_Problem statement_.
The required result is an exact copy of the lines from the one containing "Crochet Dolman Sleeve" to the last line of the records, both ends included, without pictures.

_Dataset records_.
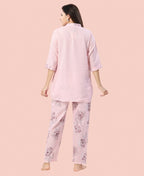 Velure Stylish Floral Print Kurti Style Night Suit - Velure - - 3/4 Sleeves, Collar Neck, Full Length Pant, Linen, Printed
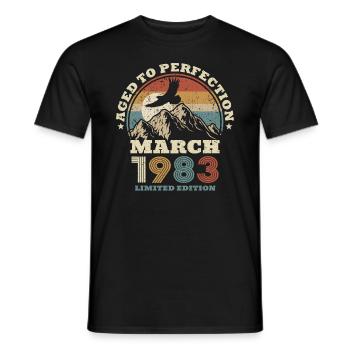 40th birthday - March 1983 - 40 years old - Men's T-Shirt - black - Front - AI Model Male 178 light (178cm)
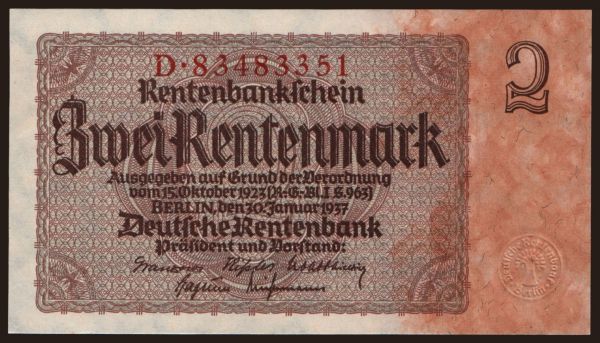 Nemecko, Rentenbank (1923-1937): 2 Rentenmark, 1937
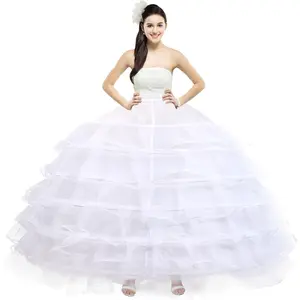 Women's 6-Hoop Crinoline Underskirt, Fluffy Spandex Fabric Bottom Clothes, Floor-Length Ball Gown Hoop Skirt for Quinceanera Wedding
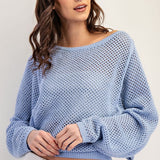 Crochet Dolman Sleeve Sweater - Periwinkle-Sweater- Hometown Style HTS, women's in store and online boutique located in Ingersoll, Ontario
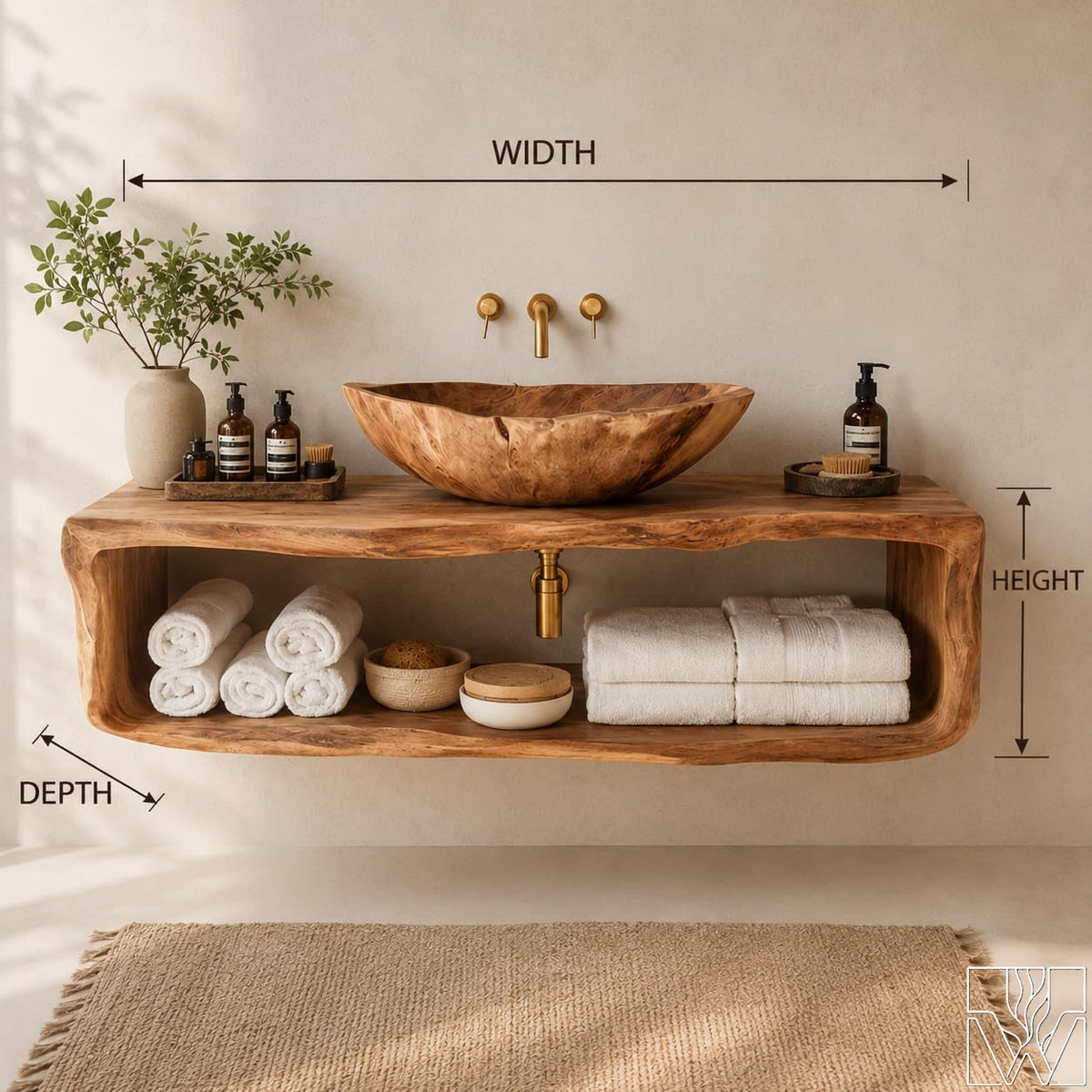 Live Edge Solid Wood Floating Bathroom Vanity Base with Shelf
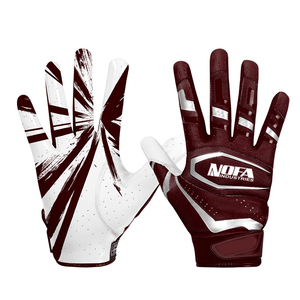 Gants de football américain personnalisés avec logo, paume en silicone antidérapante avec matériau en cuir, gants de sport - Product Image 5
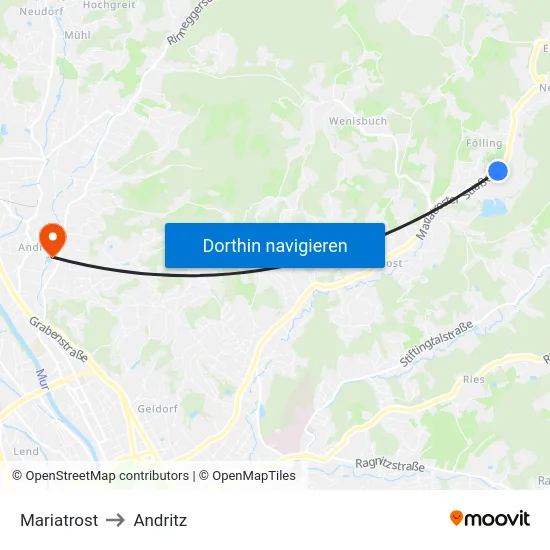 Mariatrost to Andritz map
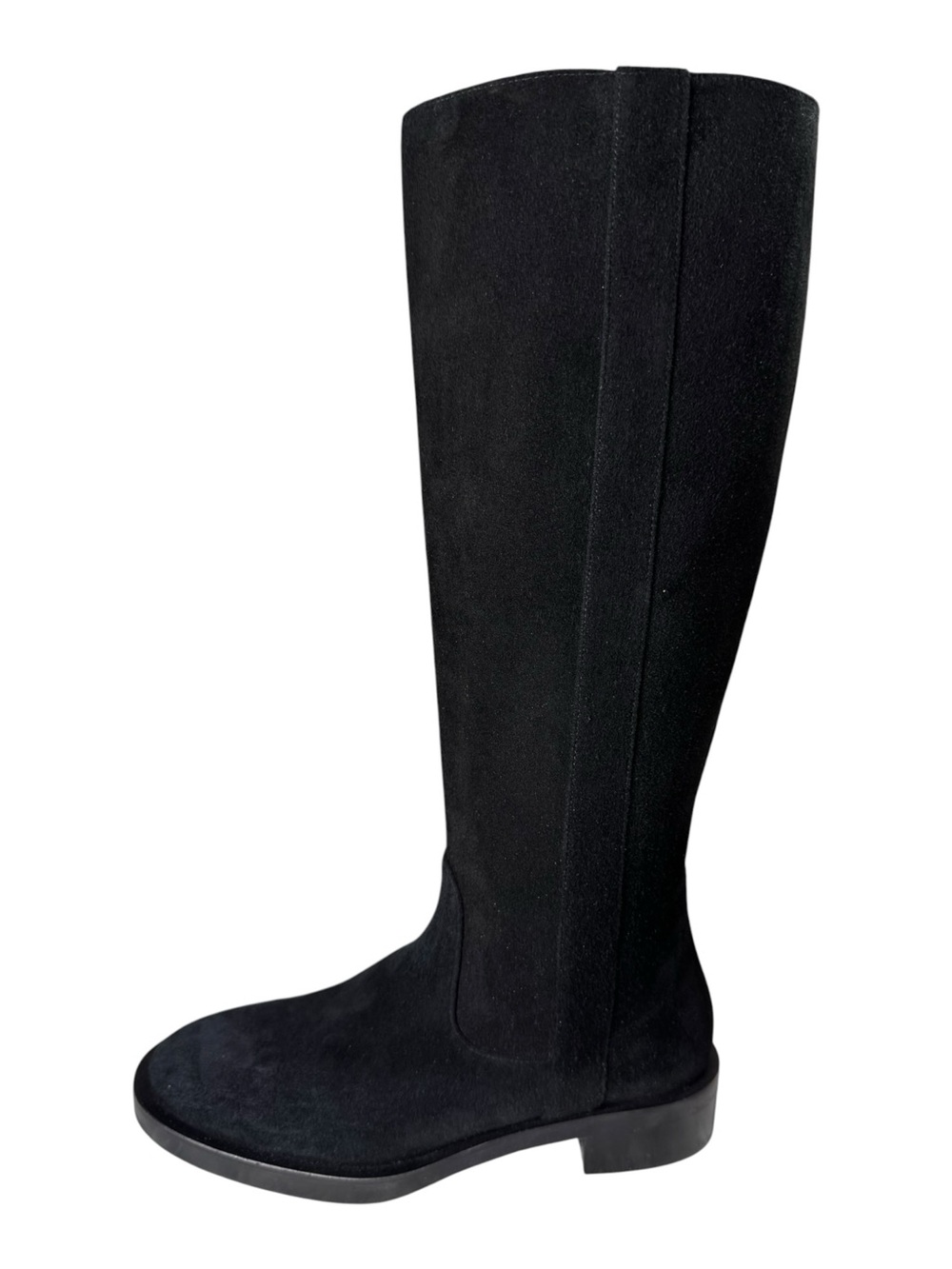 NWT Stuart Weitzman Black Suede Knee High Riding Boots Low Heel 6 B Spain Flat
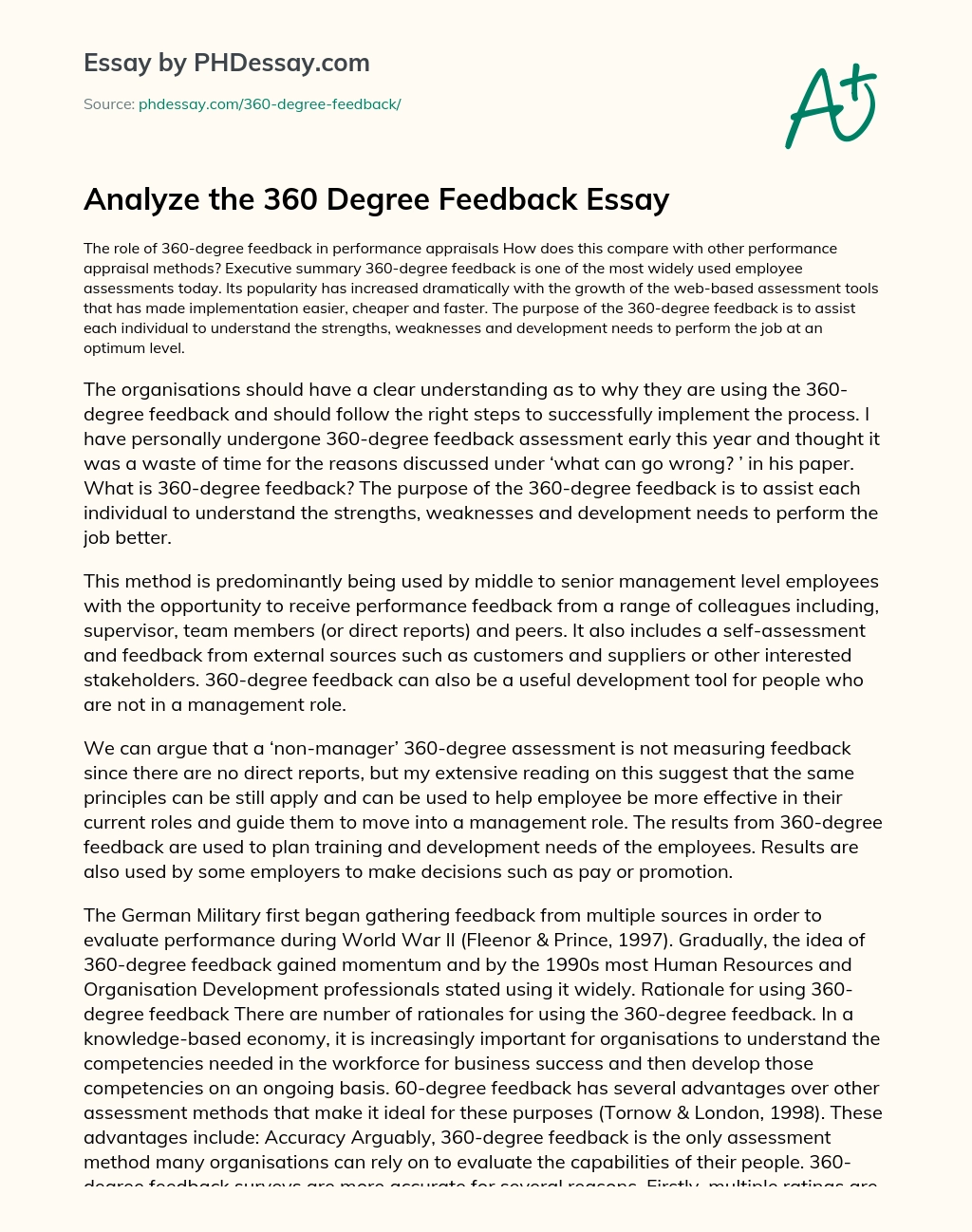 The Role of 360-Degree Feedback in Performance Appraisals: A Comparison with Other Methods essay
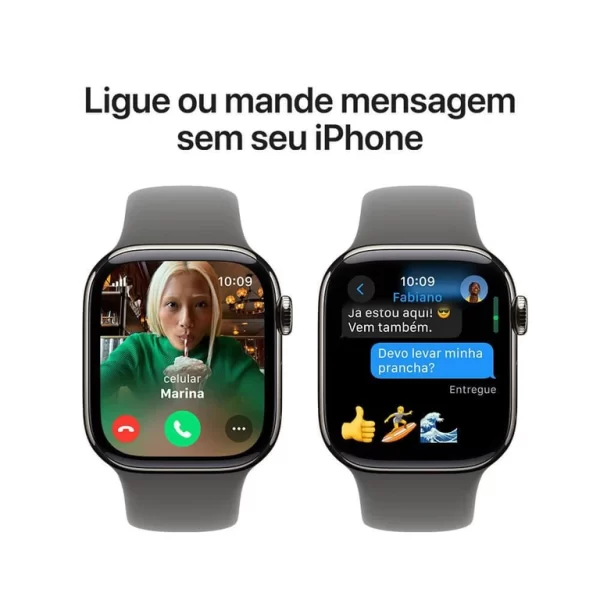 Apple Watch Series 10 gps + Cellular Caixa natural de titânio – 42 mm Pulseira esportiva cinza-pedra – m/g - Imagem 9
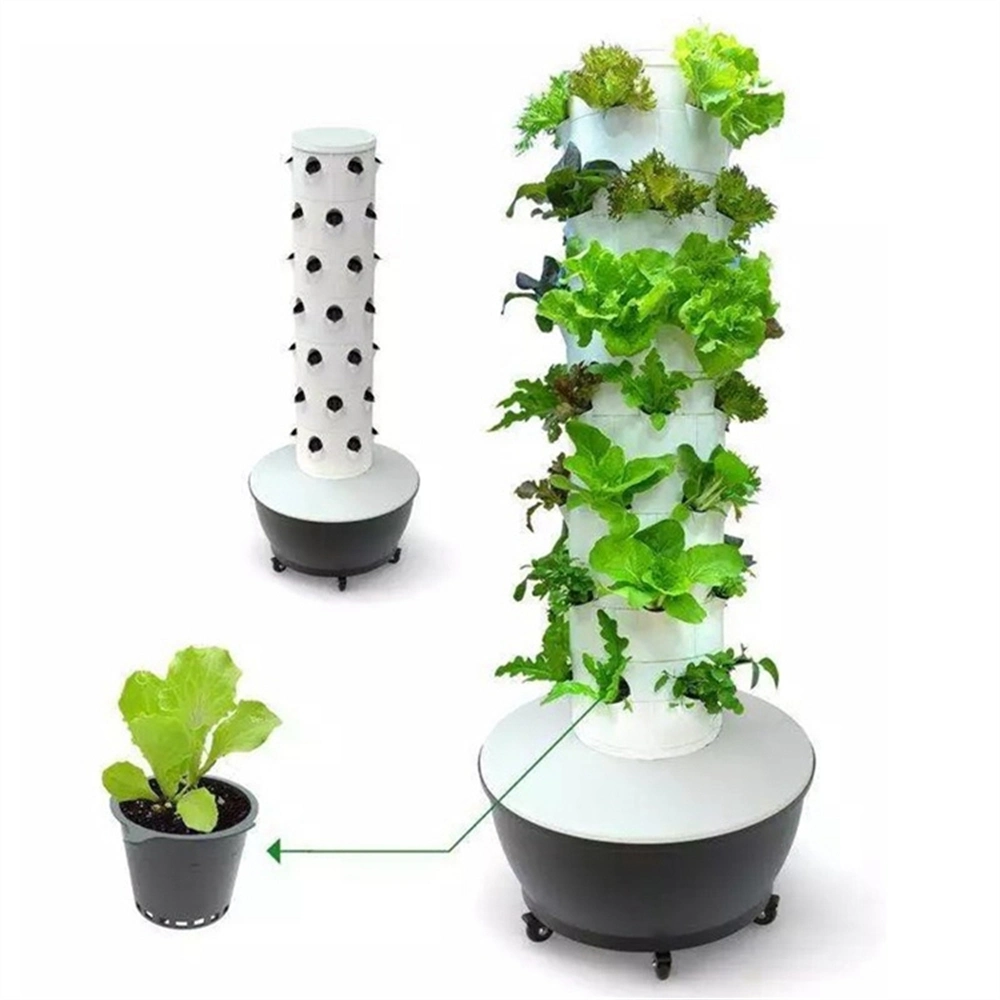 Los sistemas de cultivo hidropónico de interior Aeroponics Casa Jardín Vertical Torre Torre vertical con luz LED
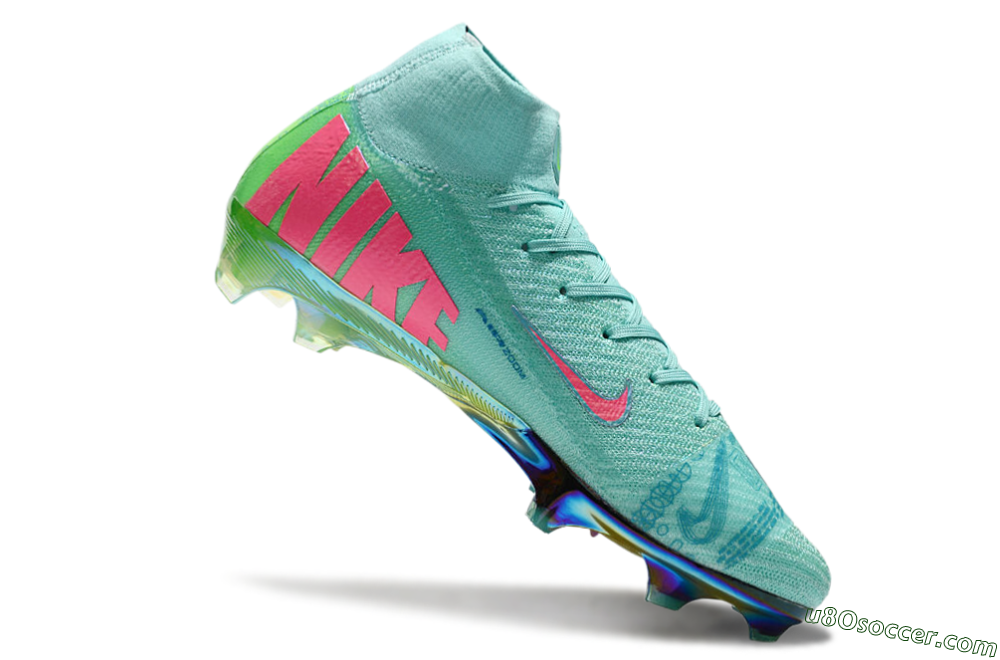 Nike Air Zoom Mercurial Superfly 10 Elite FG Firm Ground Soccer Cleats - Jade/Pink/Gold 4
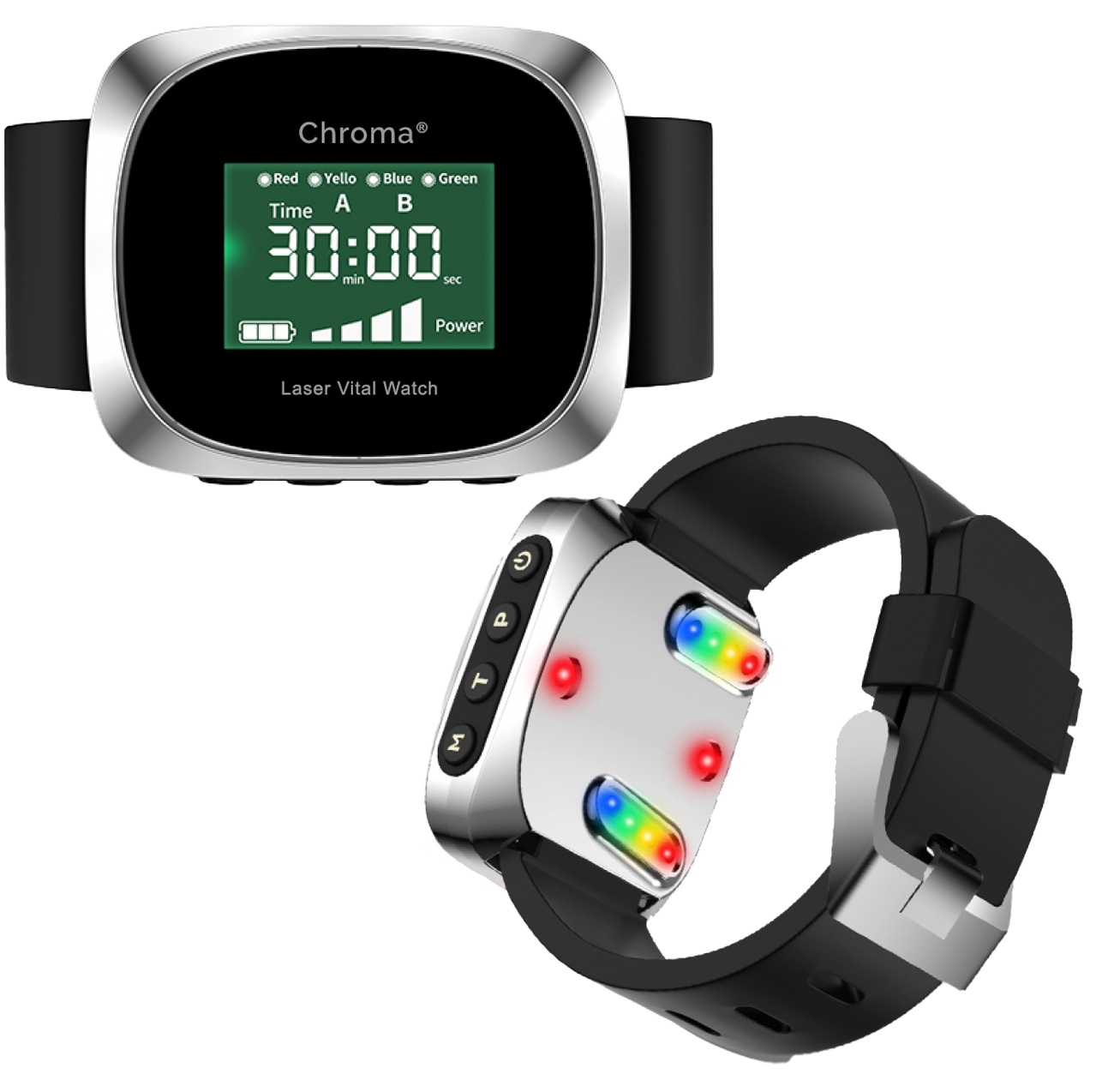 Chroma Watch Biofrequenzuhr mit 4 Spektralfarben für Licht- und Lasertherapie am Handgelenk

_Solution below_.
 Crochet Dolman Sleeve Sweater - Periwinkle-Sweater- Hometown Style HTS, women's in store and online boutique located in Ingersoll, Ontario
 Live Edge Solid Wood Floating Bathroom Vanity Base with Shelf
 Gants de football américain personnalisés avec logo, paume en silicone antidérapante avec matériau en cuir, gants de sport - Product Image 5
 Mariatrost to Andritz map
 NWT Stuart Weitzman Black Suede Knee High Riding Boots Low Heel 6 B Spain Flat
 The Role of 360-Degree Feedback in Performance Appraisals: A Comparison with Other Methods essay
 Apple Watch Series 10 gps + Cellular Caixa natural de titânio – 42 mm Pulseira esportiva cinza-pedra – m/g - Imagem 9
 Los sistemas de cultivo hidropónico de interior Aeroponics Casa Jardín Vertical Torre Torre vertical con luz LED
 Nike Air Zoom Mercurial Superfly 10 Elite FG Firm Ground Soccer Cleats - Jade/Pink/Gold 4
 Chroma Watch Biofrequenzuhr mit 4 Spektralfarben für Licht- und Lasertherapie am Handgelenk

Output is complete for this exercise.